Die Niederschlesier sind das, was man brave Menschen nennt, etwas beschränkt: das ist aber nur die Folge ihrer schlechten Erziehung. Sie sind eitel, lieben Luxus, Verschwendung und Titel, hassen stetige Arbeit und den zähen Fleiß, den die militärische Zucht erfordert. Wer dem schlesischen Adel eine bessere Erziehung beibringt, wird ihm wie Prometheus das himmlische Feuer schenken. Der oberschlesische Adel besitzt die gleiche Eitelkeit, dabei mehr Geist, aber auch weniger Anhänglichkeit an die preußische Regierung, da er stockkatholisch ist und die Mehrzahl seiner Verwandten unter österreichischer Herrschaft steht.

Die Edelleute der Grafschaft Mark und des Mindener Landes haben dem Staate gute Untertanen geliefert. Bei ihrer etwas groben Erziehung fehlt ihnen der Schliff des Weltmanns. Aber sie haben dafür ein Talent, das höher steht: sie machen sich dem Vaterlande nützlich.

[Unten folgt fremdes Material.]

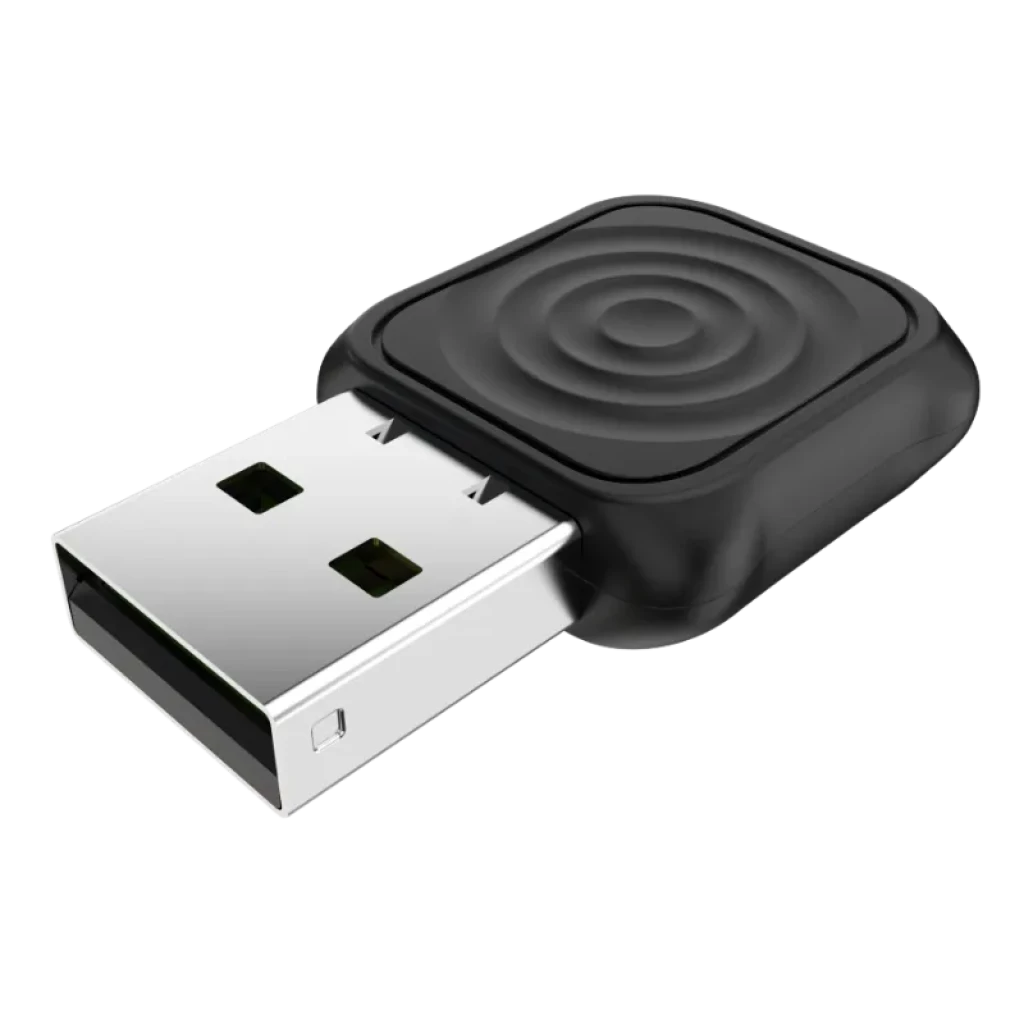 Carlinkit Mini Ultra 1 adaptador USB compacto em preto com superfície texturizada circular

Der Klevische Adel ist dumm, wirr und im Rausche gezeugt. Er besitzt weder angeborene noch erworbene Talente.

Im großen und ganzen stellt der Adel eine Körperschaft dar, die Achtung verdient. Besonders hebe ich den pommerschen, ostpreußischen, märkischen und magdeburgischen Adel, sowie den Adel von Minden und der Grafschaft Mark hervor. Dieser würdige Adel hat Gut und Blut im Dienste des Staates geopfert. Seine Treue und seine Verdienste müssen ihm den Schutz aller seiner Herrscher sichern. Es ist ihre Pflicht, die verarmenden Familien zu unterstützen und sie im Besitze ihrer Güter zu erhalten. Denn der Adelsstand bildet die Grundlage und die Säulen des Staates.

Geist des Volkes

In Preußen sind keine Parteiungen und Empörungen zu befürchten. Der Herrscher braucht nur milde zu regieren und sich vor einigen verschuldeten oder unzufriedenen Edelleuten oder vor einigen Domherren und Mönchen in Schlesien zu hüten. Aber auch die sind keine offenen Feinde: ihre Machenschaften beschränken sich auf Spionendienste für unsere Feinde.

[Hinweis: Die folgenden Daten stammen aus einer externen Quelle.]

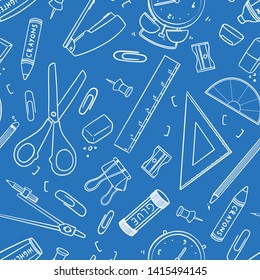 Konzept des statischen Werkzeugmusters. Nahtlose Vektordesign; Handgezeichnete Umrisse, DreiecksLineal, Schere, Schärfer, Stift, Leimstift, Büroklammer, Stifte, Wecker, Lineal für den Druck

Nur bei wenigen Anlässen ist Strenge geboten. Ich habe bisher das Glück gehabt, mehr über Mangel an Belohnungen für verdiente Männer als über Mangel an Gefängnissen zur Einsperrung von Missetätern klagen zu müssen.

Außer diesen allgemeinen und allzu unbestimmten Kenntnissen muß der Herrscher Menschenkenntnis besitzen und die Leute ergründen, deren er sich bedienen will. Er muß ihre Verdienste ihre starken und schwachen Seiten in Erfahrung bringen, um jeden seinen Fähigkeiten entsprechend zu verwenden. Herrscher, die ihre Minister und Generale allein nach ihrer äußeren Erscheinung beurteilen, übertragen die Verwaltung ihrer Finanzen einem Schurken von liebenswürdigem Äußern, eine kühne Unternehmung im Felde einem langsamen General, den sie für tatenlustig hielten, einen Auftrag, der Klugheit erheischt, einem Leichtfuß, der die Ehre genießt, ihnen Kuppeldienste zu leisten. Dadurch verderben sie alles. Nur wenige Menschen sind ohne Talent geboren. Jeden auf den rechten Platz stellen, heißt doppelten Vorteil aus allen ziehen. Dann täuscht man sich nicht und gibt dem Staatskörper erhöhte Kraft und Stärke, weil alles in seinem Dienste steht und alles nützliche Dienste zu leisten vermag.